Never let a collection agency bully you.
My wife has been trying to get a collection agency to explain to her exactly why Ameritech (which SBC bought out several years ago, giving you an idea how long this has been going on) had sent to collections a billing for her old number at her former apartment for something like $400, as she had disconnected that number at the end of May, 2000 when she vacated the apartment. The final bill was paid in full.
The collection agency, after two years of diddling around with SBC, has finally come up with a copy of the bill. But they told her that if they sent her the bill for her to look at, she would be expected to pay the full amount within 72 hours.
Sally called bullshit. “If you send me that bill, what makes you think I’m going to meekly roll over and pay it? I may decide not to pay it, since I don’t think I owe the money to begin with.”
The response was, “Well, we had to pay Ameritech to get a copy of this bill.”

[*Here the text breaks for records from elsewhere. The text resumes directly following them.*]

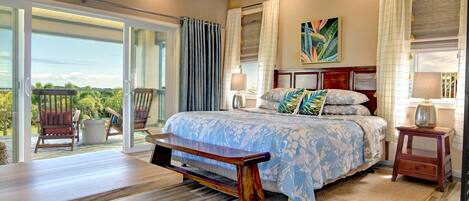 A bedroom with a large bed, a bench, a nightstand, and a view of the outdoors.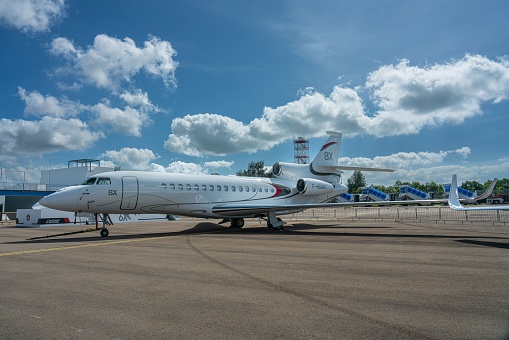 , Singapore: A Huge and newly developed large Dassault Falcon 8X Business Jet on the land under blue sky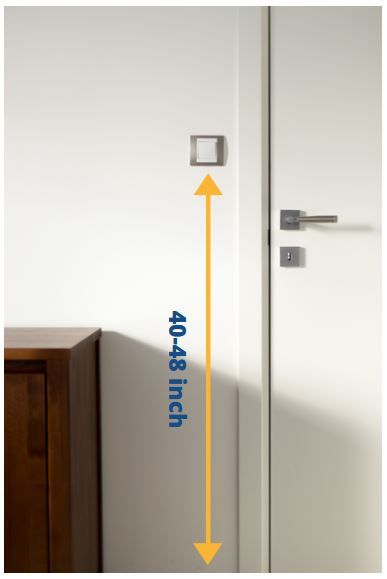 Light switch mounted on a white wall next to a wooden cabinet.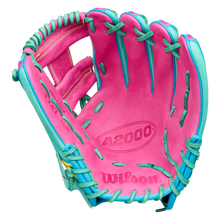 A Wilson A2000 1727SS 11.5″ Baseball Glove (model WBG0009501RT1175) by Wilson is displayed open with the palm side visible, showcasing its pink color with teal lacing and accents and SuperSnakeSkin construction against a white background.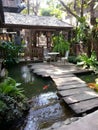 In front of the house there is a walkway and a fish pond Royalty Free Stock Photo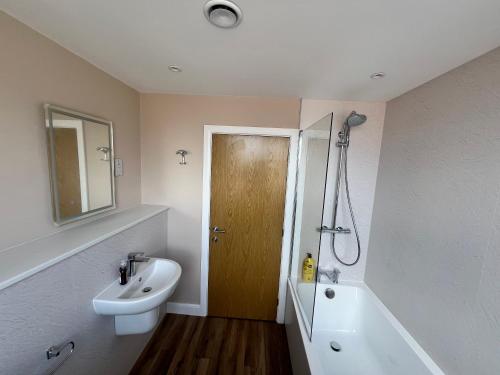 a bathroom with a sink and a toilet and a shower at Flat 1 - Luxury Bolton City Centre Apartments in Bolton
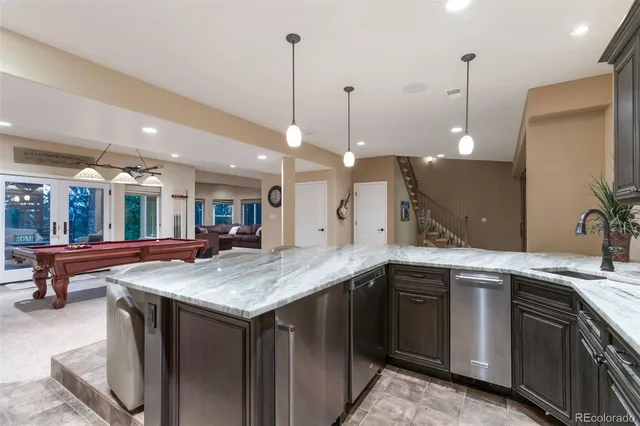 a kitchen with a sink and a wooden floor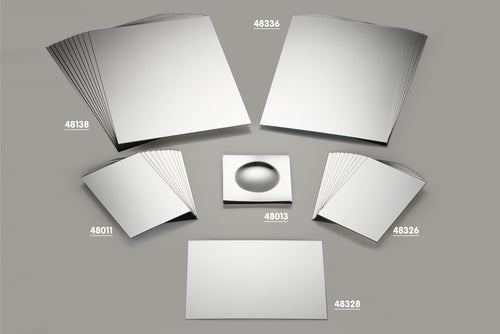 Assorted silver plastic mirror sheets with printed part numbers on them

So Sally called her lawyer this morning and he said, you call them back and tell them that they must provide you with proof of documentation, and they had to suspend collections when you contested it in the first place. The fact that it took them nearly two years to get a copy of the bill out of Ameritech’s ridiculous billing system isn’t your problem. So it is illegal to tell you that you have to pay within 72 hours — and besides, 72 hours from what? From them sending it, or from you receiving it? — since at this point they are not in a position to demand such.
So she’s going to call the collection agency back and pretty much tell them either send the bill and wait for me to decide if I’m going to pay it, or you can talk to my lawyer (who is an old family friend and will do this work pro bono, I’m sure).
This should be interesting. And if this is a bullshit billing, you can bet that we’re going to complain to the IURC (for the phone bill) and to the Secretary of State (for the assholishness of the collection agency). In point of fact we will probably complain anyway, at the very least because of the way the collection agency has jerked us around for two years.
The other question that remains is, if she owed that much money to Ameritech, why in hell didn’t they disconnect her for non-payment? I know far too many people who got on the wrong end of that argument. If they paid their bill a day late, they got dropped. So the whole thing is just very, very strange. (It did occur to me that she might have downloaded some dialbot that was calling 900 numbers all day while she was at work, say, the last month she was in the place. But if that’s the case, I can’t understand why the dialbot didn’t continue to work here after she moved in and hooked her computer up to my phone line…)
As they say, “Developing…”
[Later: Jeebus, it’s worse than I thought. It’s Asset Acceptance Corp. who’s calling her. Do a google on them and see what a scummy operation they run. I told Sally to have her lawyer handle this and not to talk to them at all unless he tells her to.]